Data shown =>

####################

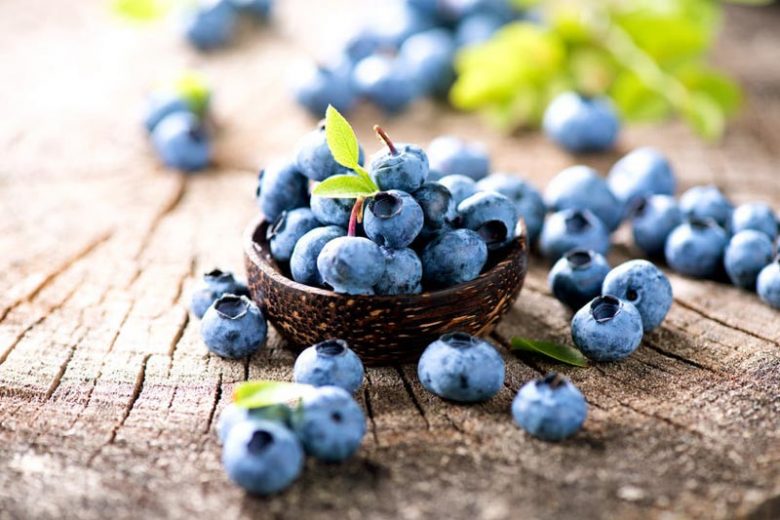 Blueberries, Vaccinium, Vaccinium corymbosum (Highbush Blueberry), Vaccinium angustifolium (Lowbush Blueberry), Vaccinium ashei (Rabbiteye Blueberry), Vaccinium macrocarpon (Cranberry), Blueberries, Northern highbush blueberries, Southern highbush blueberries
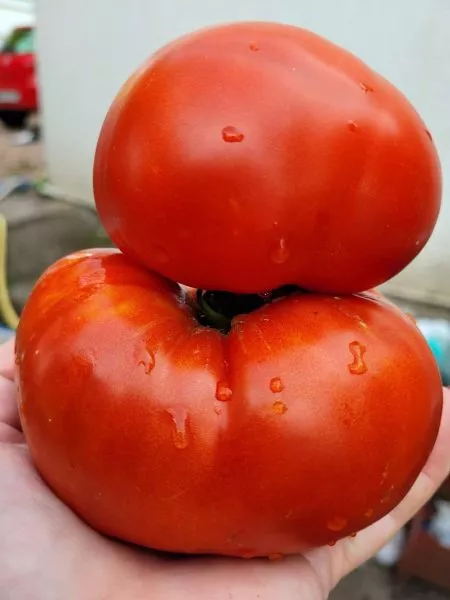 zamok-shartr-3-160704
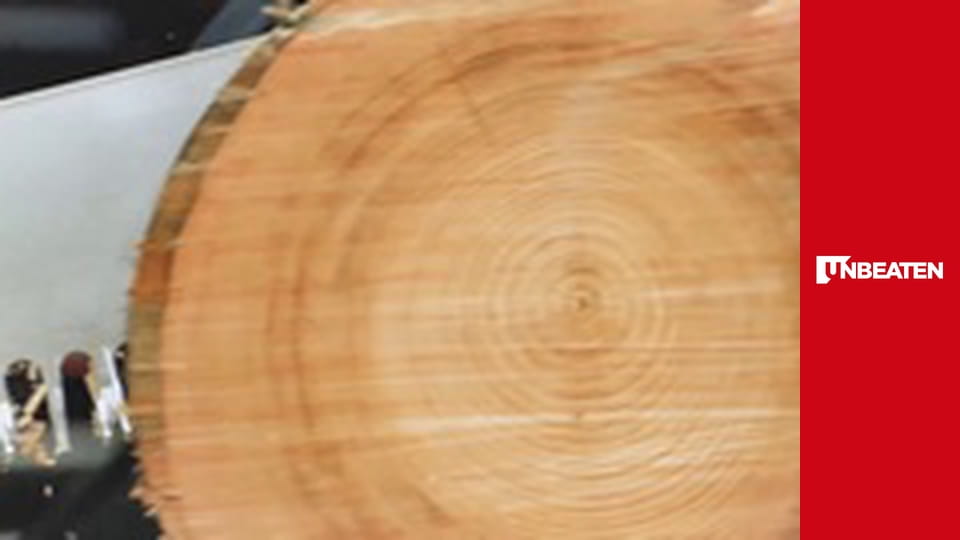 Major Indoor Soccer League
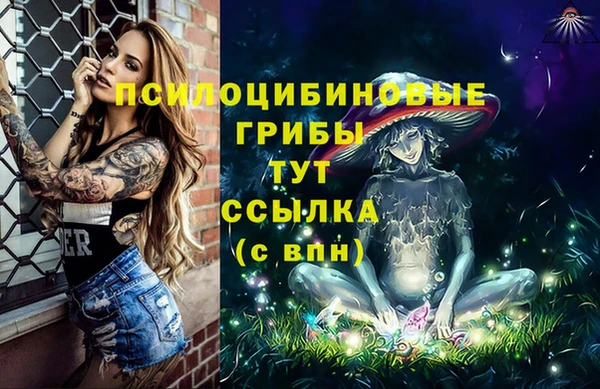 каннабис Алзамай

####################

Produce an exact copy of every line above, with the images left out.

Answer space =>
 Blueberries, Vaccinium, Vaccinium corymbosum (Highbush Blueberry), Vaccinium angustifolium (Lowbush Blueberry), Vaccinium ashei (Rabbiteye Blueberry), Vaccinium macrocarpon (Cranberry), Blueberries, Northern highbush blueberries, Southern highbush blueberries
 zamok-shartr-3-160704
 Major Indoor Soccer League
 каннабис Алзамай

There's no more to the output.